= Exercise aim =
What is needed is an exact copy of the lines in the entries below from the one holding "What I'm going" through the one holding "The endoplasmic reticulum—the", pictures excluded.

= Dataset excerpts =
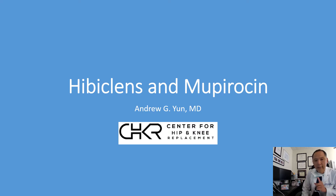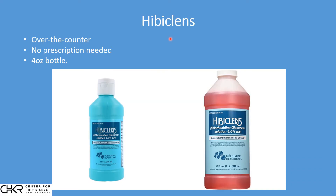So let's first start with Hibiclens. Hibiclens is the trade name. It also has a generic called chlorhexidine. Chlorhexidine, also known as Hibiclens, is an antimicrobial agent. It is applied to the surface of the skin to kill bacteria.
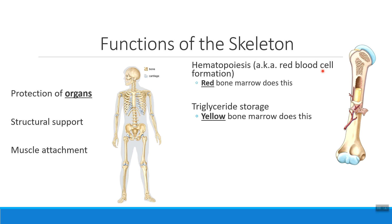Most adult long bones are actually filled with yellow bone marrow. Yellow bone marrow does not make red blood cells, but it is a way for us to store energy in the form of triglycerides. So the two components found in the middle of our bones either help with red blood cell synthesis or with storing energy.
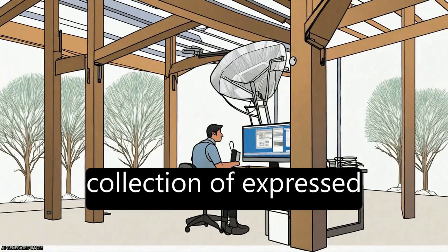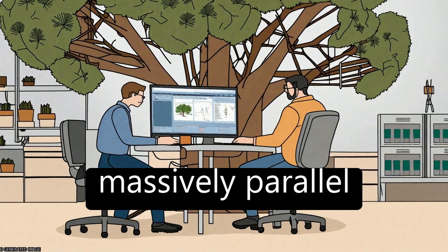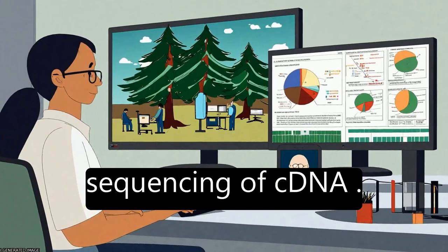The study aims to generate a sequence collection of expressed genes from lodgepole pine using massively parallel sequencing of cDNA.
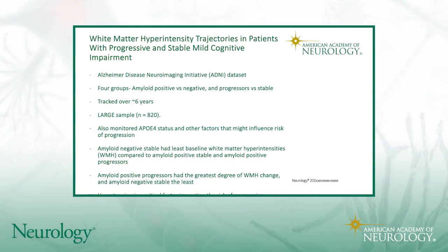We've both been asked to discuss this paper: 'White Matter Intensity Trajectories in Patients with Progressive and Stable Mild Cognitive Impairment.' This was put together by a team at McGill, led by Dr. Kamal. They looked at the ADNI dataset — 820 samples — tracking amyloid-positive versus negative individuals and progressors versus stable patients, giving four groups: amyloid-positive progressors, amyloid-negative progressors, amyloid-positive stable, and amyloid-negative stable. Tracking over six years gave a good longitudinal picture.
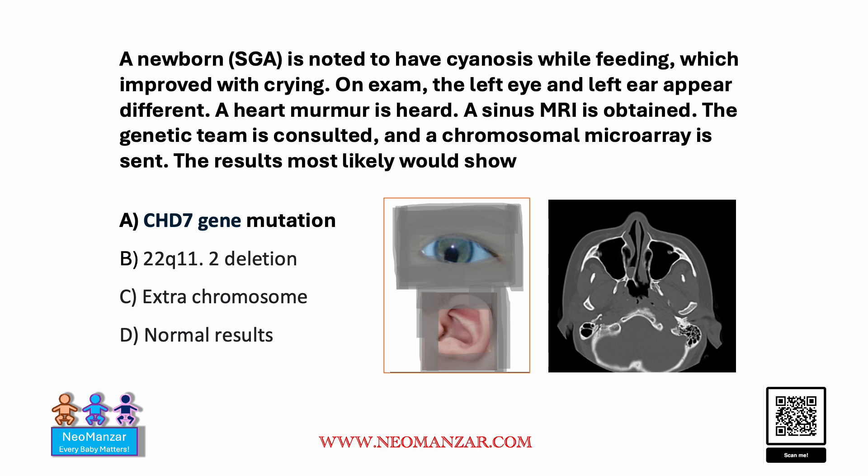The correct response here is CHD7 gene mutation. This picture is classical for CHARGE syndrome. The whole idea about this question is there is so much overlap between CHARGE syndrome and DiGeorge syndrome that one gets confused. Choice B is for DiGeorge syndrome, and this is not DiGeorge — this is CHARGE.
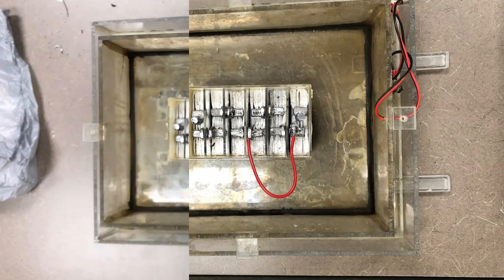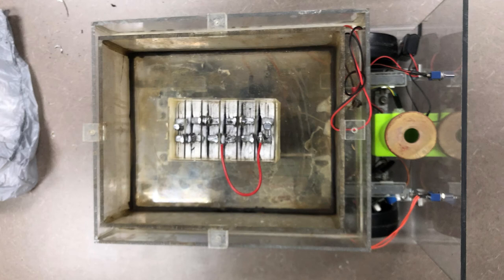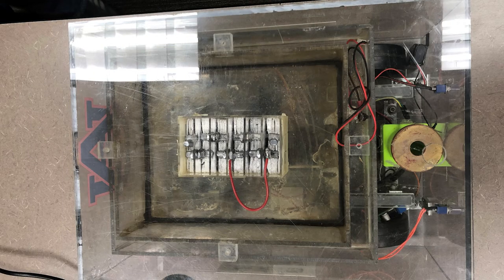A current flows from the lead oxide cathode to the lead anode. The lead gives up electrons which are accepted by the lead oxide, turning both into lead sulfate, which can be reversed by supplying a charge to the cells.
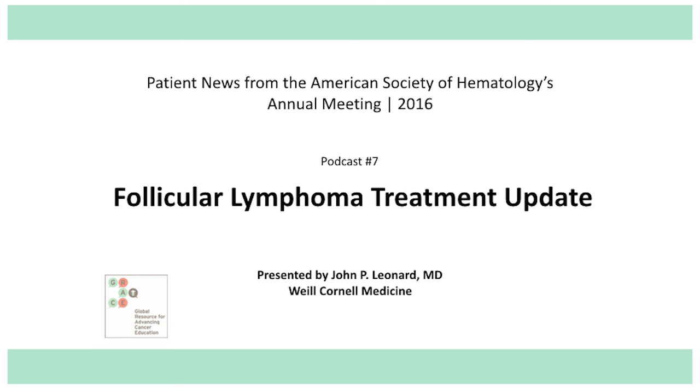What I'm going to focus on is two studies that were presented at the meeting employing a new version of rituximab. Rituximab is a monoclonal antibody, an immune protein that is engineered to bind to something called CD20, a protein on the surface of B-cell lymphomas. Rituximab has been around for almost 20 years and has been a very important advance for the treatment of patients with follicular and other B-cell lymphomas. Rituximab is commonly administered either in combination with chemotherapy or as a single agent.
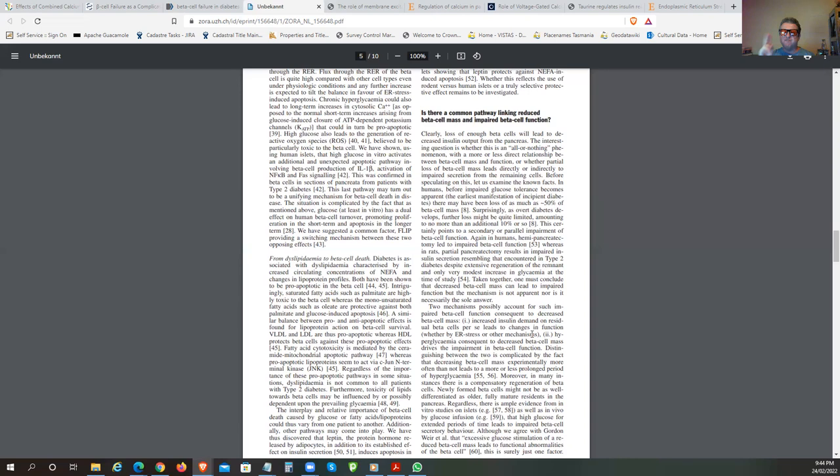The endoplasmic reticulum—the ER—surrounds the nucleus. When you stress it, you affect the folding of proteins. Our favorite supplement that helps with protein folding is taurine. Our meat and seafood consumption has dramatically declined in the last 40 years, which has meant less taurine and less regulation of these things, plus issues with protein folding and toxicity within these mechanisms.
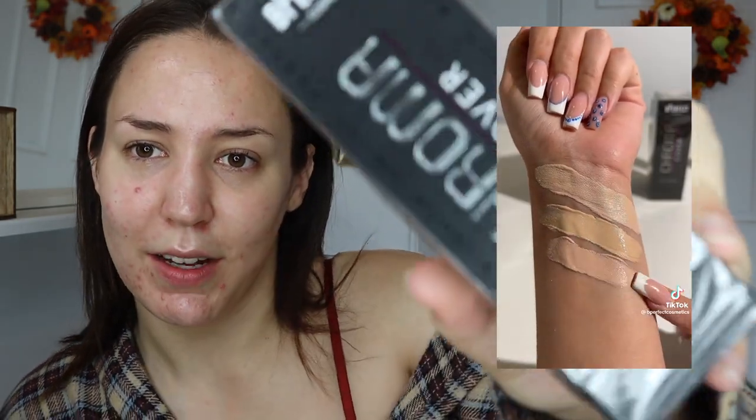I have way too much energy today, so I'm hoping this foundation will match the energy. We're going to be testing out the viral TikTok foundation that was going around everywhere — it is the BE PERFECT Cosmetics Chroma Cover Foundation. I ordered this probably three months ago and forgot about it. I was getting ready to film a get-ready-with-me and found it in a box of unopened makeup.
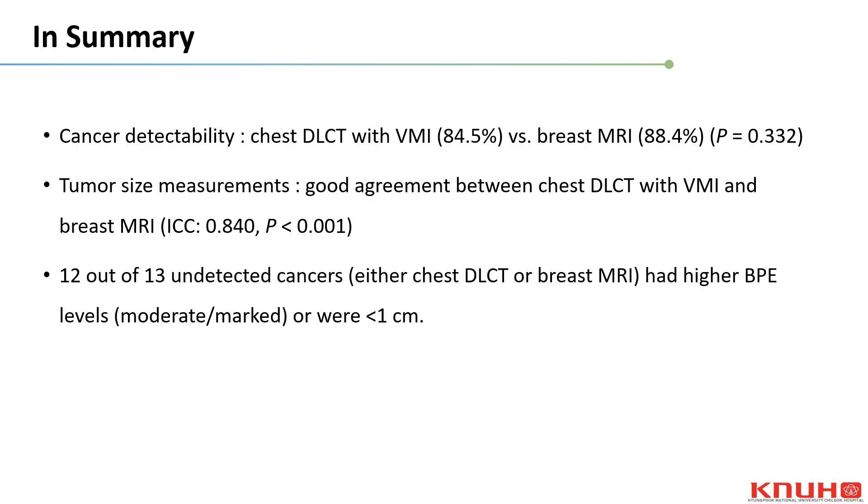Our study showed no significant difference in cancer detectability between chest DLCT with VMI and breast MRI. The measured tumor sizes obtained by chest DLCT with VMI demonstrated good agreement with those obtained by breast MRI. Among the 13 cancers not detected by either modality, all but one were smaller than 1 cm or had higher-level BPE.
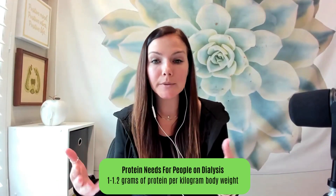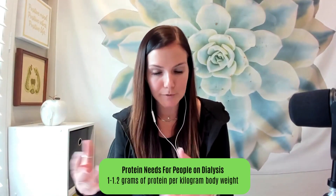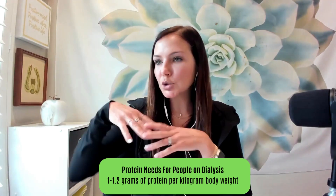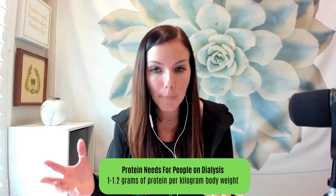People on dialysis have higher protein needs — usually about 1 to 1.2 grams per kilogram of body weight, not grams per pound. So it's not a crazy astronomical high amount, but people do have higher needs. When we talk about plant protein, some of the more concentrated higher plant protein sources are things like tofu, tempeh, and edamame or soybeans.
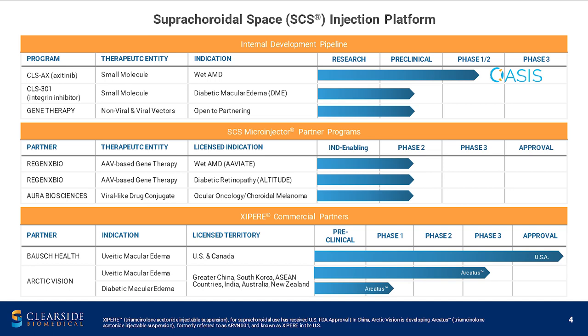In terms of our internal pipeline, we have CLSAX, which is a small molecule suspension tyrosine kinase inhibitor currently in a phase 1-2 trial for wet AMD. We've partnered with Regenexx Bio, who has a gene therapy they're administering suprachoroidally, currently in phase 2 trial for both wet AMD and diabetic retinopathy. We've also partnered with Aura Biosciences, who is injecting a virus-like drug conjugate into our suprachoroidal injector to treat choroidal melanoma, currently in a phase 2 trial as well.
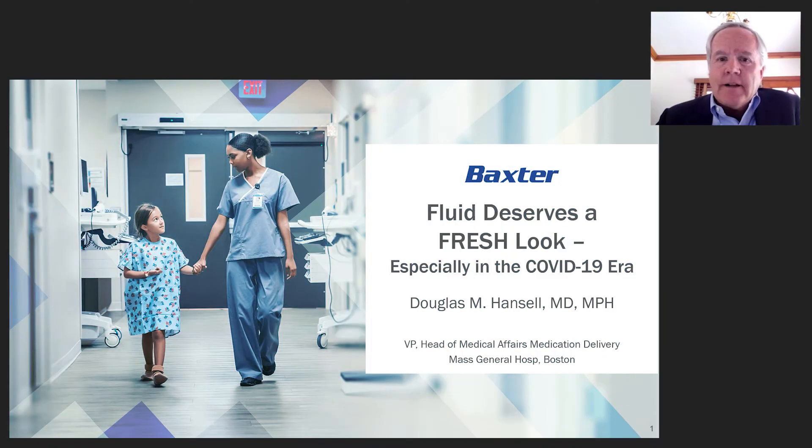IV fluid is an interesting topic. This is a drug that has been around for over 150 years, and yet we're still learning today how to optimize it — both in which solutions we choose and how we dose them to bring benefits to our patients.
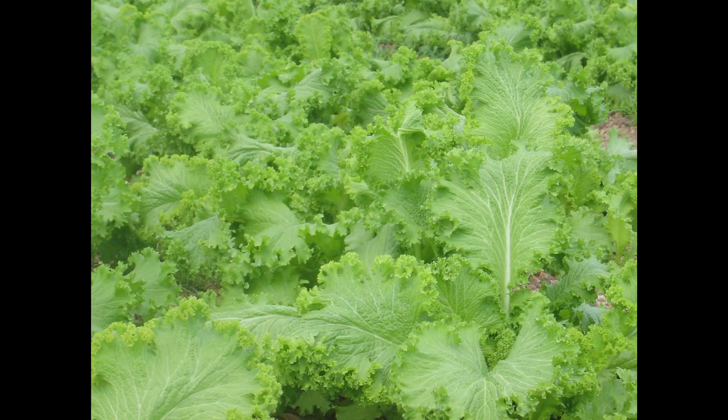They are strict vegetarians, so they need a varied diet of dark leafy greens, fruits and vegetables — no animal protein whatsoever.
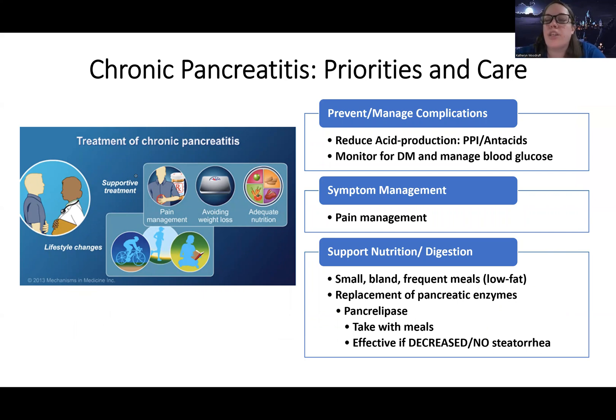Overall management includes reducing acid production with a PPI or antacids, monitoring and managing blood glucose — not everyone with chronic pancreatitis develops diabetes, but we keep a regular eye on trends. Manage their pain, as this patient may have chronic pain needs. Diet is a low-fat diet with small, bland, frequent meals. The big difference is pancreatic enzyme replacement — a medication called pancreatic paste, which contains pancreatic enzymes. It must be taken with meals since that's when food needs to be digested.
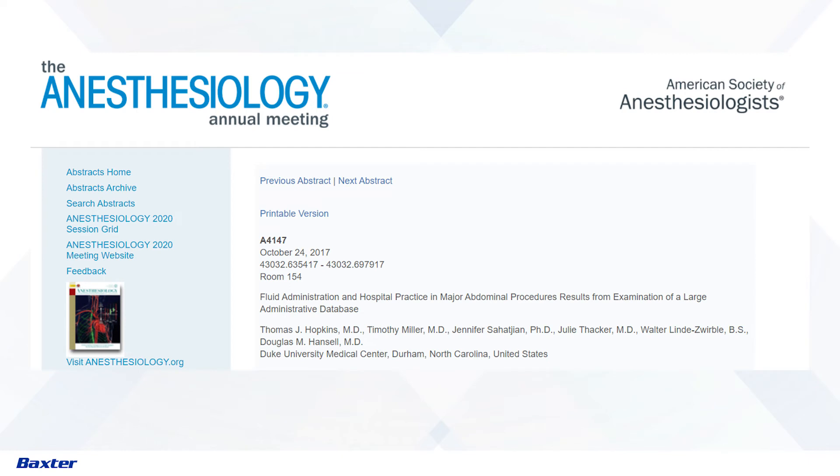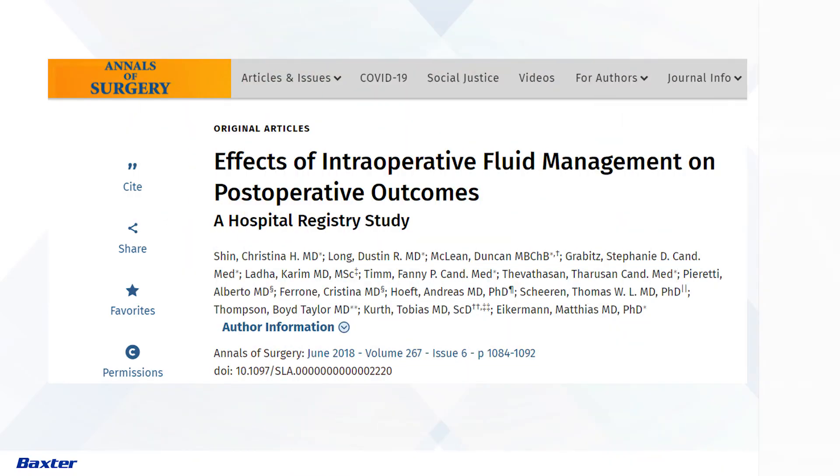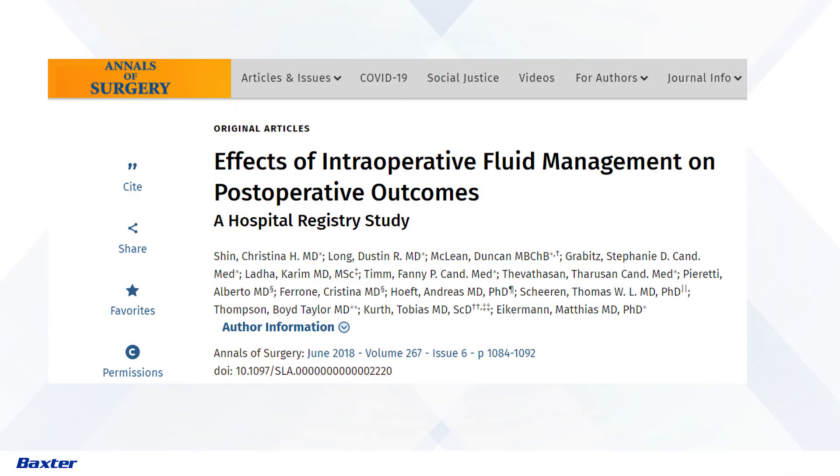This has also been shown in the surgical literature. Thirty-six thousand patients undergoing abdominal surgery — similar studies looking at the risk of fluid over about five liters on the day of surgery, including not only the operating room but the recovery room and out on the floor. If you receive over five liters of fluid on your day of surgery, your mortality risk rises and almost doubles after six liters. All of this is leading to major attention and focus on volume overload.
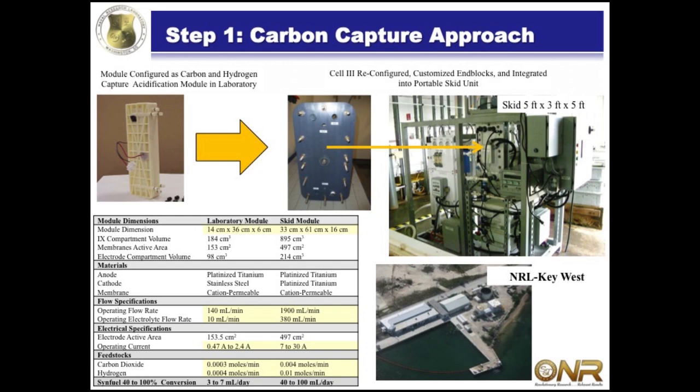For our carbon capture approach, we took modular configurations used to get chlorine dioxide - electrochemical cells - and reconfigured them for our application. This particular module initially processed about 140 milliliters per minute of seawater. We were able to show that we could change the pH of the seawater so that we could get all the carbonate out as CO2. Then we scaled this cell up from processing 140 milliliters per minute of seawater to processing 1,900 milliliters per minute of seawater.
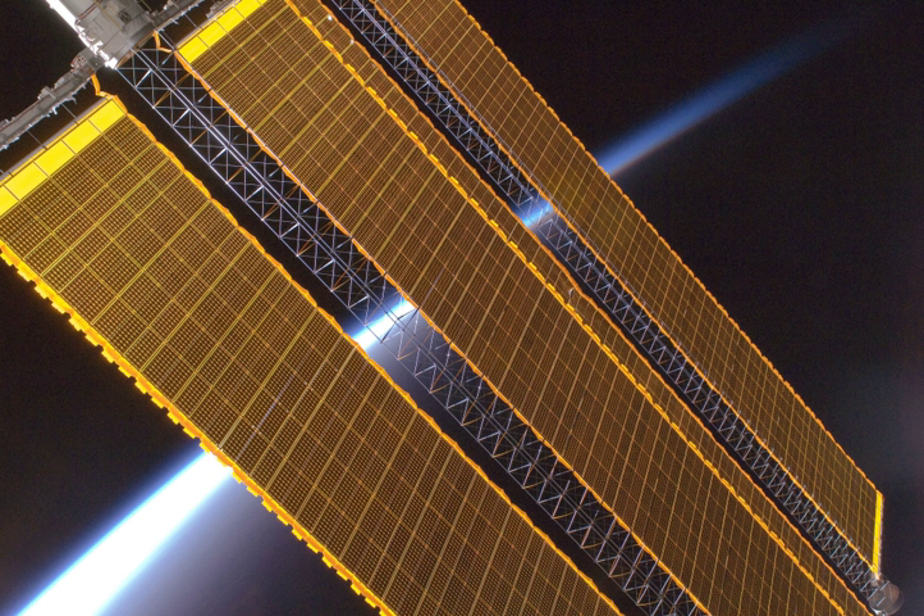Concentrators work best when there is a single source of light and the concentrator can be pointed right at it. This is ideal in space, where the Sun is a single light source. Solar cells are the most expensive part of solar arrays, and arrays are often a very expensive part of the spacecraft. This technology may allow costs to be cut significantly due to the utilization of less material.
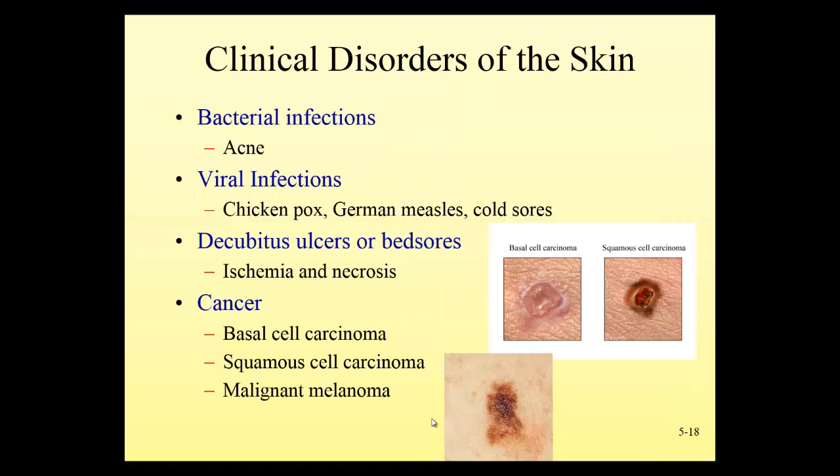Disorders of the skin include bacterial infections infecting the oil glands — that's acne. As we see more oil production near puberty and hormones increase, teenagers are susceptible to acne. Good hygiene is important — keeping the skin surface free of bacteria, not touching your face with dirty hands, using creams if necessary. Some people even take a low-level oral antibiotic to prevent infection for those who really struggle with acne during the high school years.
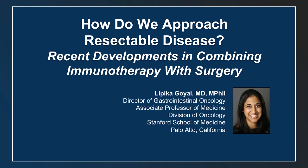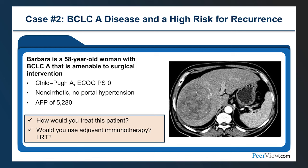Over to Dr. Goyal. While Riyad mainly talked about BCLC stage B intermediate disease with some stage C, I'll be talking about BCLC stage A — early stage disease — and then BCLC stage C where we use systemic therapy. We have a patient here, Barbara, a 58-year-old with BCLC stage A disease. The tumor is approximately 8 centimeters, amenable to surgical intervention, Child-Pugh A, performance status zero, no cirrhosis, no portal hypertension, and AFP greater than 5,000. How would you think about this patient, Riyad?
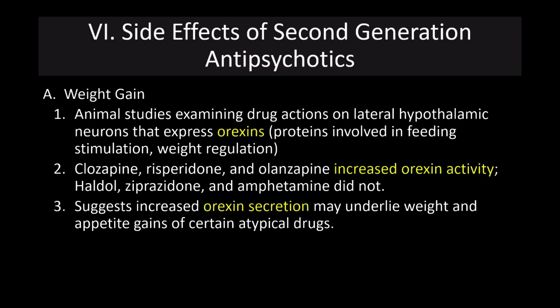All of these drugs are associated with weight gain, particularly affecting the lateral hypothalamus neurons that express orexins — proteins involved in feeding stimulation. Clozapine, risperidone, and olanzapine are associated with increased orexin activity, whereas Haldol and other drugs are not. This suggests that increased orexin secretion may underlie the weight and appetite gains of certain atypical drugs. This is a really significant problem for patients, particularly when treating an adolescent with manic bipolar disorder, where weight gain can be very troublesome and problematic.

= Solution =
What I'm going to focus on is two studies that were presented at the meeting employing a new version of rituximab. Rituximab is a monoclonal antibody, an immune protein that is engineered to bind to something called CD20, a protein on the surface of B-cell lymphomas. Rituximab has been around for almost 20 years and has been a very important advance for the treatment of patients with follicular and other B-cell lymphomas. Rituximab is commonly administered either in combination with chemotherapy or as a single agent.
The endoplasmic reticulum—the ER—surrounds the nucleus. When you stress it, you affect the folding of proteins. Our favorite supplement that helps with protein folding is taurine. Our meat and seafood consumption has dramatically declined in the last 40 years, which has meant less taurine and less regulation of these things, plus issues with protein folding and toxicity within these mechanisms.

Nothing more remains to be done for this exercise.